Costruire cacciabombardieri o bombe atomiche è sostenibile, coltivare tabacco assolutamente no. Siamo oltre la soglia del ridicolo. Ci sarebbe da ridere se la situazione non fosse tragica. Quello che è successo ieri non riguarda il settore delle armi. Con la decisione presa, è stato spazzato via il percorso intrapreso quasi dieci anni fa dall’Unione europea per definire e inquadrare la finanza sostenibile.
Se tutto è sostenibile, nulla lo è più
L’avevamo scritto un anno fa. Sei vegetariano, vai al ristorante e ti danno una bistecca dicendoti che da oggi anche la carne rientra nelle definizioni di vegetariano. L’unica possibilità è iniziare a chiamare le cose in modo diverso.
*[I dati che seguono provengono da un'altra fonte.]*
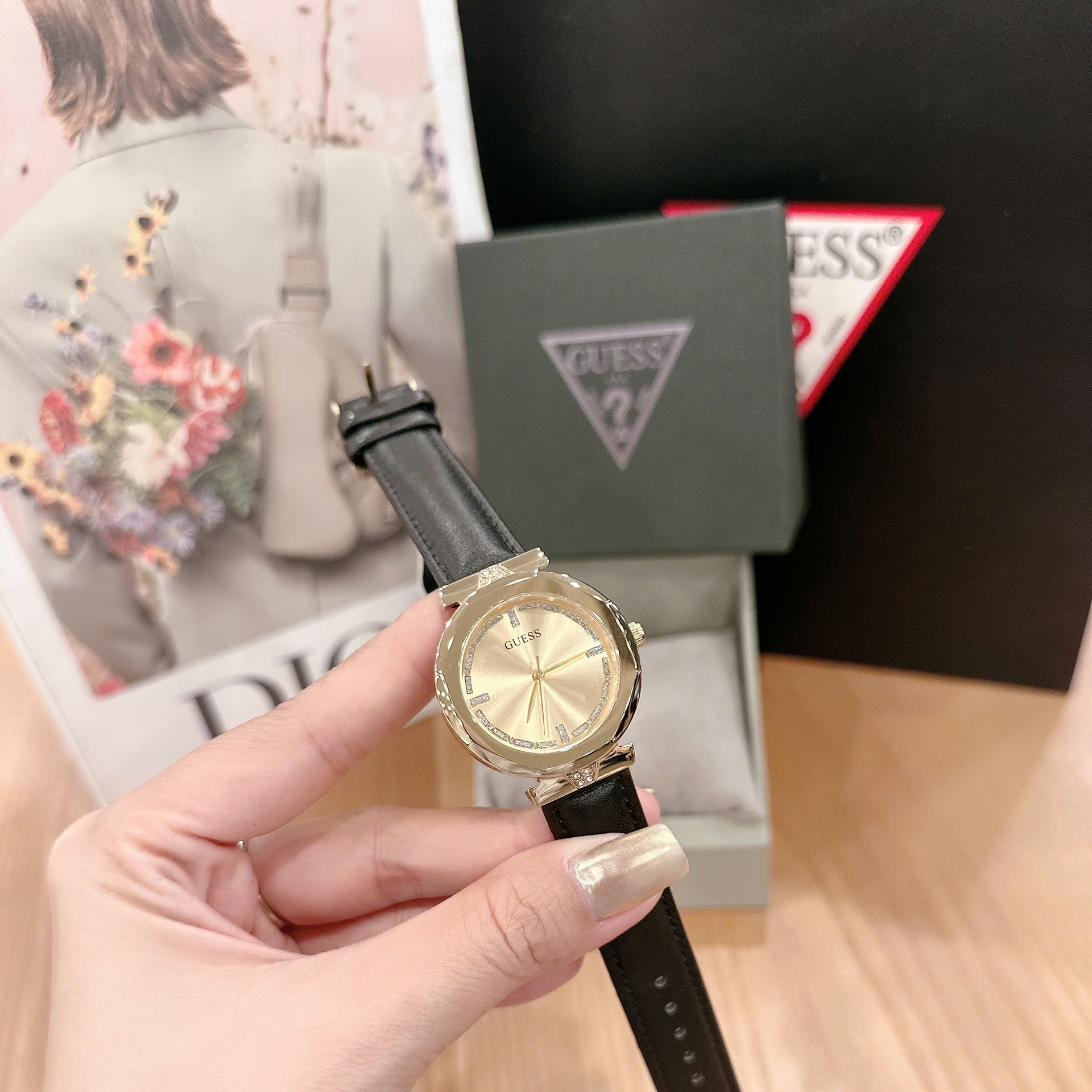 Đồng Hồ Guess Rumour |Nữ Giới |Vàng Gold |Dây Da Màu Đen |Máy Pin (Quartz) |Size 34mm |donghogiatot.vn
Non dirai più che sei vegetariano, ma troverai un’altra parola per riuscire a mangiare quello che vuoi.
Questo è avvenuto ieri con il termine “sostenibilità”. Ricordiamo che dire che le armi non possono rientrare in questa definizione non significa in alcun modo vietarne il finanziamento. Significava – fino a ieri – che chi non voleva che i propri soldi andassero in armi aveva un termine per esprimerlo.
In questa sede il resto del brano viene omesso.